Food stamps backlog long

? When Amanda Vaca’s husband lost his job, the couple took stock of their finances and drew a startling conclusion: They could not afford to feed their four young children.

Domitila Lara, left, helps her children Ariana, center, and Eduardo, right, with their homework in San Diego in this May 12 photo. Lara, 44, applied for food stamps in San Diego in late 2008 after her husband lost his job in construction. For more than three months, Lara called and waited in line repeatedly for food stamps. Paperwork was lost. She got conflicting instructions on how to fill out forms. The family used her husband's unemployment checks to cover the mortgage on their house but worried about how to feed their younger children. More than 50 percent of food stamp applications were delayed in San Diego County in fiscal year 2009.

So Vaca filled out an application for food stamps. Then, the wait began. A month passed, then two. In some weeks, the food simply ran out.

“There was several occasions where I didn’t have breakfast to cook them or all there was was noodles,” said Vaca, a customer-service representative in Fort Worth who got laid off shortly after her husband. They waited three months for assistance.

The recession has landed millions of hungry families in similar straits, forcing them to endure long waits for help buying basic groceries. A review by The Associated Press found that dozens of food-stamp programs in 39 states left at least a quarter of applicants waiting weeks or months for food aid, some in areas that were not particularly hard hit by the economic downturn.

Federal law requires applications for food stamps to be reviewed within 30 days of being filed, and even faster for the poorest families. Failure to do so can subject agencies to federal sanctions and lawsuits, but individual families are largely at the mercy of their local administrators.

Among the excuses for the delays were overburdened bureaucracies, staff shortages or program rules. But that makes little difference to parents with hungry children.

“It got to that point where there was nothing. It was scary. It was very, very stressful,” Vaca said. “We went to churches to get food, food banks or whatever. I was always searching for places to get food.”

In fiscal 2009, Texas left about a third of its applicants waiting more than 30 days for food assistance, the worst among states examined by the AP, even though Texas was spared the brunt of the recession.

In Rhode Island, nearly a quarter of new applications were delayed. In Florida, Colorado and Nevada, about one-fifth of applications were processed late.

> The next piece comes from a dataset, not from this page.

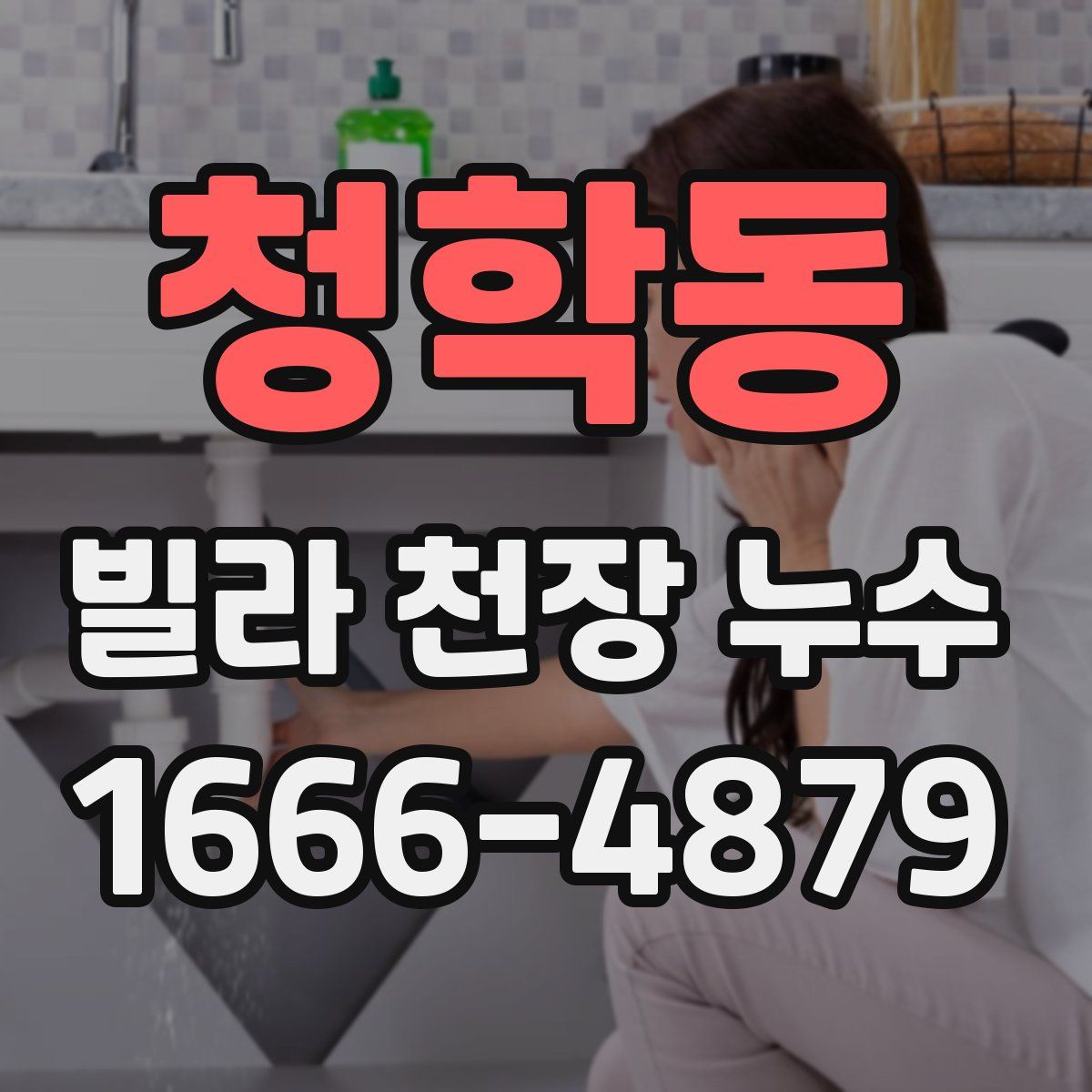청학동 빌라 천장 누수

In the months since those problems arose, some agencies have improved their processing systems, but application delays persist in many places.

Vaca spent days pleading by phone and in person for someone to look at her application. At one point, a frazzled office manager took her to a back room to show her piles of unprocessed applications. Her family eventually was approved for food stamps and received retroactive benefits for the months they were waiting.

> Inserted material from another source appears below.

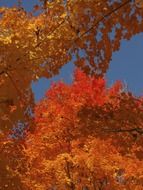 orange, yellow and red leaves on a tree in September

A record 40 million people — one in eight Americans — now rely on Supplemental Nutrition Assistance, the official name of the modern food stamp program, which began in 1961. The number of participating households increased by one-fifth in fiscal 2009, and many states’ food-stamp rolls grew by a third or more.

“Never in our lifetimes have these programs been so urgently needed,” said Kevin Cancannon, undersecretary of the Department of Agriculture, which oversees food stamps.

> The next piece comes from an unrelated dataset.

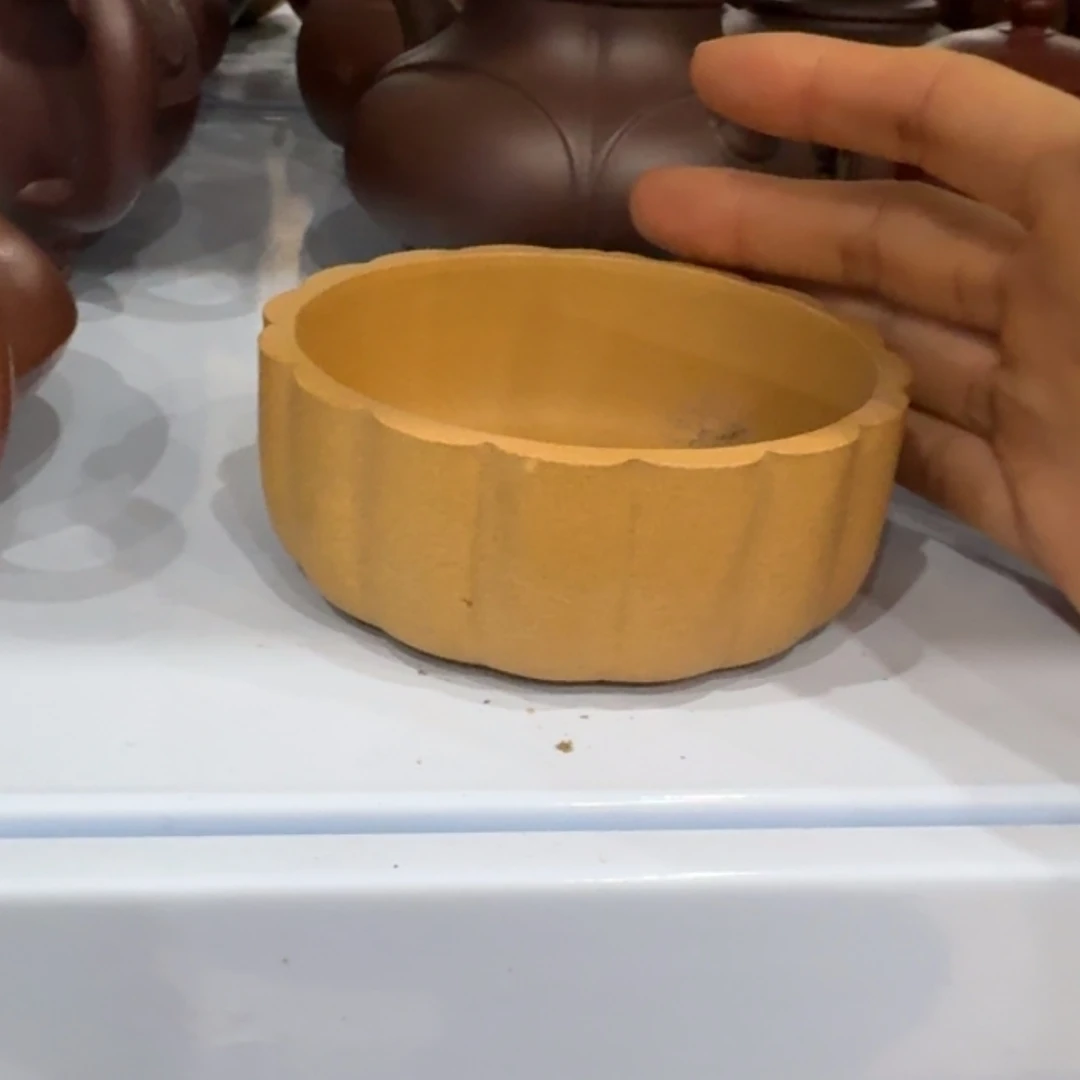 【闪购商品】紫砂紫砂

The government uses a complicated formula for determining eligibility, but a family of four must earn less than $2,389 per month. The federal government funds the full cost of benefits and half the administrative costs, a total of $53.77 billion in fiscal 2009. The average monthly payout is $275 per household.

Food stamp payments work much like a debit card at grocery stores and some farmers’ markets. The money is good for groceries such as produce, meat, dairy and bread products, along with snack foods and nonalcoholic drinks. The money cannot be used for alcohol or household goods like toilet paper or pet food.

State and local governments, though they pay only a small percentage of the overall program costs, administer the aid and are allowed to add extra eligibility requirements. Some have added things like fingerprints or notarized documents as fraud-prevention measures, though the effectiveness of such requirements has been debated.

Cancannon said some of those rules create additional hurdles that needlessly slow aid to needy families.